Брюллов
Шрифт:
Солнце быстро заходило. Золото, которое оно весь день щедро швыряло на землю, растеклось теперь на полнеба, по раскаленной позолоте медленно тянулись над городом черные разорванные облака. Лавки и кофейни на площади ярко осветились, толпа стала еще гуще, еще громче кричали разносчики и театральные зазывалы, громче звучали гитары и голоса поющих женщин. Александр и Карл, уже без сил, выбрались из суетливой человеческой круговерти, свернули на какую-то боковую улочку, шли, прижимаясь к сырой стене и боясь в темноте оступиться в воду, от которой поднимались удушливые испарения; добрались до старого палаццо, видно, давно заброшенного, с черными окнами, с крыльцом, выдававшимся до самой воды, сели на теплые еще ступени. Острыми черными полумесяцами скользили мимо гондолы. Настоящее напитывалось прошлым, радость — печалью, праздник — заботами, надежды — необъяснимой тревогой. В такие минуты человек замечает
Из Рима Карл написал отцу: «Папенька! Если хотите знать, где я с десяти часов утра по шесть часов вечера, посмотрите на эстамп Рима, который у нас висел: там увидите маленький купольчик св. Петра, первый дом на правую руку или по левую — это называется Ватикан…»

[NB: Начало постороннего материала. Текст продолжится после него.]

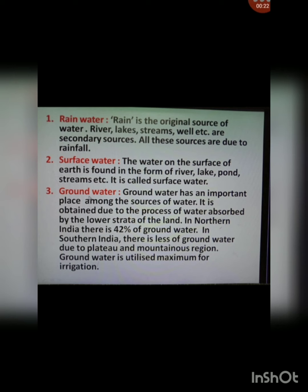The second source is surface water. The water on the surface of the earth is found in the form of rivers, lakes, ponds, streams etc., and this is called surface water.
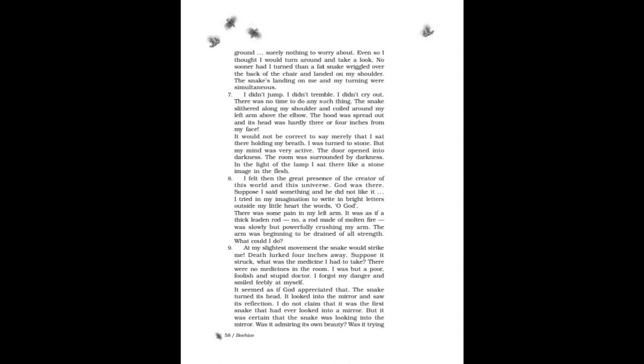The door opened into darkness. The room was surrounded by darkness. In the light of the lamp I sat there like a stone image in the flesh. I felt then the great presence of the creator of this world and this universe. God was there. Suppose I said something and he did not like it? I tried in my imagination to write in bright letters outside my little heart the words: Oh God.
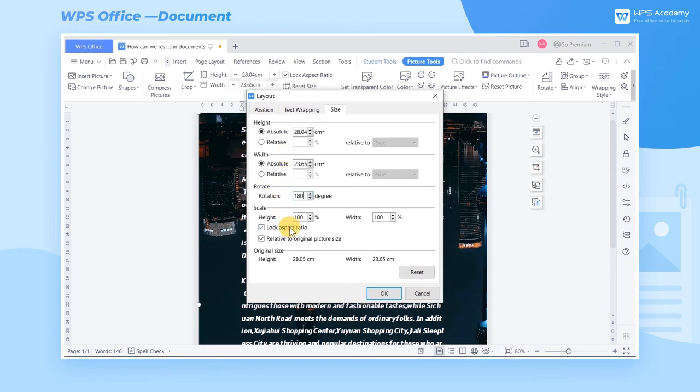If we only need to adjust the height of the picture or adjust the height without proportion, uncheck the Lock Aspect Ratio box and check the setting of height and width respectively.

Каждое утро он торопливо шагает со своей папкой под колоннадой собора святого Петра, проходит мимо вооруженных пиками стражников-швейцарцев в полосатых желто-красно-синих костюмах XV века, по красивой лестнице взбегает к старой двери, уже источенной червями, и с замиранием сердца звонит в колокольчик. Молчаливая старуха, звякая ключами на большом проволочном кольце, отворяет ему, он с поклоном вступает в огромную переднюю, отсюда путь лежит в Сикстинскую капеллу.

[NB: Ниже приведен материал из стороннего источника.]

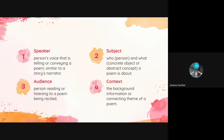So the first four: the speaker, the subject, the audience, and the context. The speaker is whoever is narrating the poem, if you can identify them. The speaker in a story that we might write would be called the narrator. But in a poem, poems are typically meant to be read out loud.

Он входит в зал и задирает голову: точно небесный свод, созданный могучей рукою самого творца, раскинулся над ним потолок, расписанный Микеланджело. Не опуская глаз, Карл медленно движется по залу, пересекает его вдоль и поперек, то застывает посередине, вглядываясь в какую-нибудь из девяти фресок, изображающих сотворение мира и человека, то держится ближе к стенам, рассматривая фигуры пророков и сивилл. Он поднимается на балкон, что тянется вдоль окон, отсюда до фресок совсем близко, но и здесь различие между плоским живописным изображением и объемностью скульптуры почти неразличимое — написанные красками могучие фигуры кажутся исполненными ваятелем. От напряжения у Карла идет носом кровь. Он прижимает к лицу платок, взглядывает с балкона вниз и едва не падает. Присаживается прямо на пол и думает о мастере, который за четыре года один написал все триста сорок три фигуры на громадном, как небо, потолке. Он вспоминает небольшую гравюру с этого потолка, которую с лупой в руках копировал по приказу отца, вспоминает отцовский подзатыльник, и ворчливое «фофан!», и крепкий, чуть приплюснутый на конце палец, раздраженно тычущий в неточно проведенный с соринку штришок, — его разбирает смех: сколь часто заставляли его впиваться сквозь увеличительное стекло в то, что огромно, как мир, на что надо смотреть, задирая голову и оглядываясь, потому что рядом с этим миром ты сам соринка, штришок…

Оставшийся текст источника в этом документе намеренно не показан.